Attorney, Agent or Firm: Ryan; W.
Claims
What is claimed is:
1. Apparatus for decoding an input sequence of butted,
variable-length prefix code words having a maximum of M digits to
derive the corresponding ones of symbols from an output alphabet
comprising
A. a tree decoding network in which each tree level corresponds
uniquely to one of M digit positions, said tree comprising a
terminal node for each symbol in said output alphabet,
B. means for simultaneously applying M digits from said input
sequence to said tree network, each digit being applied to a
respective row of said tree,
C. first means for detecting which terminal node of said tree has
been selected by said M digits,
(D) second means for determining the level of said tree at which
said terminal node has been selected by said M digits, and
(E) third means responsive to said second means for determining the
beginning point in said input sequence of the code word immediately
following the code word beginning with the first of said M
digits.
2. Apparatus according to claim 1 wherein said second means
comprises a plurality of OR gates each arranged to OR output
indications from all terminal nodes at a respective level of said
tree network.
3. Apparatus according to claim 1 wherein said tree decoding
network comprises means for connecting the input digit signal at
any tree level to all nodes at that tree level.
4. Apparatus according to claim 1 wherein said tree network
comprises at each level a plurality of bit detectors for detecting
the presence in said input digit signal of either a 1 or a 0, and
for controlling the branching to succeeding nodes, if any, based on
said detection.
5. Apparatus according to claim 1 wherein said third means
comprises means for storing a numerical count of said level
determined by said second means, means for simultaneously
decrementing said count and advancing said input data sequence,
means for terminating said advancing when said count is decremented
to a predetermined value, and means for applying an additional set
of M digits from the input sequence to said decoding network when
said predetermined value is reached.
Description
BACKGROUND OF THE INVENTION
1. Field of the Invention
The present invention relates to apparatus for decoding
variable-length codes.
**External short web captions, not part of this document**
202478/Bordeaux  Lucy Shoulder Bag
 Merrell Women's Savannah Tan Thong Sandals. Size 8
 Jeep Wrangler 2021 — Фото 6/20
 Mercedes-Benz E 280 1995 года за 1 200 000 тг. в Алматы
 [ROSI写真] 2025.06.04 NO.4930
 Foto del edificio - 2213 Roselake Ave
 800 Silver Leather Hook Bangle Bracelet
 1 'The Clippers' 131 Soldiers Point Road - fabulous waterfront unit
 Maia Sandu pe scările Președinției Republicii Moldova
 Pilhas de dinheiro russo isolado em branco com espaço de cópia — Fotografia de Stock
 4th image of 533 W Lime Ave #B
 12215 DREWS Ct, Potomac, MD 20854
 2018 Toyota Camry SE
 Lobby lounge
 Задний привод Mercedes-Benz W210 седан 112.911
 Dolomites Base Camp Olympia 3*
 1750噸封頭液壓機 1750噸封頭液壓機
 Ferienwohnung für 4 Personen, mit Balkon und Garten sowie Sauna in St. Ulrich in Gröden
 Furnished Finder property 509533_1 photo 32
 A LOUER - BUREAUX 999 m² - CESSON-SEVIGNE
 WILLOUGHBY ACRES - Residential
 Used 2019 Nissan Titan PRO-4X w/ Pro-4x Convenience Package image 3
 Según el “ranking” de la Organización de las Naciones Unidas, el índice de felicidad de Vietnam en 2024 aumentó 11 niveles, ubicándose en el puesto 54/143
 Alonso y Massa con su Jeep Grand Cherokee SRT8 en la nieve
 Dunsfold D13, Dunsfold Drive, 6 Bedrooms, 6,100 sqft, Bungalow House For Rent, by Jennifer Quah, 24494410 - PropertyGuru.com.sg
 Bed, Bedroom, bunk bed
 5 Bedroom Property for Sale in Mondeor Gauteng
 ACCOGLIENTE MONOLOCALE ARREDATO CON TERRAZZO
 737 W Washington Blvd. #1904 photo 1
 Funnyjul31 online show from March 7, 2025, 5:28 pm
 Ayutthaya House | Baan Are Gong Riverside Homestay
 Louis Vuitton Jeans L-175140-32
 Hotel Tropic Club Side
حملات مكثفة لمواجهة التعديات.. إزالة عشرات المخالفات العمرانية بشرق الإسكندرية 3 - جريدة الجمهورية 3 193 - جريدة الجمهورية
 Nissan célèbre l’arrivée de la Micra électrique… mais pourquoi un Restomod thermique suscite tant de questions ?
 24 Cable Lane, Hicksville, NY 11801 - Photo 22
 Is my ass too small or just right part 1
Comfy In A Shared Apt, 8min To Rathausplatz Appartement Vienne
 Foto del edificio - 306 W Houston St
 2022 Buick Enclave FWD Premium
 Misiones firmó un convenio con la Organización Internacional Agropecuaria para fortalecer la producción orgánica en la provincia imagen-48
More particularly, the present invention
relates to apparatus for decoding variable-length codes with the
so-called prefix property.
2. Background and Prior Art
The use of digital data processing, transmission and storage
facilities has long indicated a need for efficient binary codes for
representing normal data processing information such as
alphanumeric characters and various graphic entities. The use of
so-called statistical coding techniques, using short codes for
common symbols and the converse, has proceeded from the largely
intuitive Morse codes to the optimum or minimum-redundancy codes
described in D. A. Huffman, "A Method for the Construction of
Minimum-Redundancy Codes," Proc. of IRE, Vol. 40, pp. 1098-1101,
September 1952. Other variable length codes have been described in
E. N. Gilbert and E. F. Moore, "Variable-Length Binary Encoding,"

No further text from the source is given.